Thursday, January 19, 2012

GM Questionnaire

Notice: I am not taking down this post because I feel it is more important to leave it up, but also update everyone on what is happeing now as February 11, 2019. Please see this newer post first. http://theotherside.timsbrannan.com/2019/02/i-am-going-to-talk-about-zak-today-and.html


Zak posted this GM questionnaire.  Here are my answers.

1. If you had to pick a single invention in a game you were most proud of what would it be?
Depends I guess.  The magic system in Ghosts of Albion is my pride.  The revised horror/fear and insanity system for True 20 that might never see the light of day (NDAs) was also really nice.

2. When was the last time you GMed?
Last weekend, Sunday Jan 15.  D&D 3.x

3. When was the last time you played?
Wow. Been maybe 6 months. Pathfinder.

4. Give us a one-sentence pitch for an adventure you haven't run but would like to.
Ghosts of Albion: Visit to Castle Dracula

5. What do you do while you wait for players to do things?
If it is truly "free time" I prep for the next adventure/encounter.
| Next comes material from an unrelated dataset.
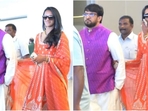 Badminton star PV Sindhu and entrepreneur Venkat Datta made a stylish debut as a married couple in Hyderabad.(Instagram) Badminton star PV Sindhu and entrepreneur Venkat Datta made a stylish debut as a married couple in Hyderabad.(Instagram)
6. What, if anything, do you eat while you play?
Maybe chips, trying to cut back on snacks at the game table.

7. Do you find GMing physically exhausting?
No.  Sometimes mentally, but I GM little kids.
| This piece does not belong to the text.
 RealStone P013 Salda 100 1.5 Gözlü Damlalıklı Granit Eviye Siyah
8. What was the last interesting (to you, anyway) thing you remember a PC you were running doing?
My son figured out a way to immobilize a bunch of monsters and keep them from attacking the party without  killing them.  He played a great Lawful Good Paladin.

9. Do your players take your serious setting and make it unserious? Vice versa? Neither?
Sometimes.  I allow jokes to lighten the mood as needed.

10. What do you do with goblins?
Goblins are one of my my most useful races.

11. What was the last non-RPG thing you saw that you converted into game material (background, setting, trap, etc.)?
Hammer Glamour. I have the best NPCs.

12. What's the funniest table moment you can remember right now?
It happened to me.  We were playtesting some new auto-combat software and the black dragon kept attacking my assassin.  The trouble was the software didn't recognize the fact that my assassin was already dead and at -40 hp.  It knew how to deal with 0 to -10, but beyond that, not so much.  The dragon kept attacking my poor dead character over and over.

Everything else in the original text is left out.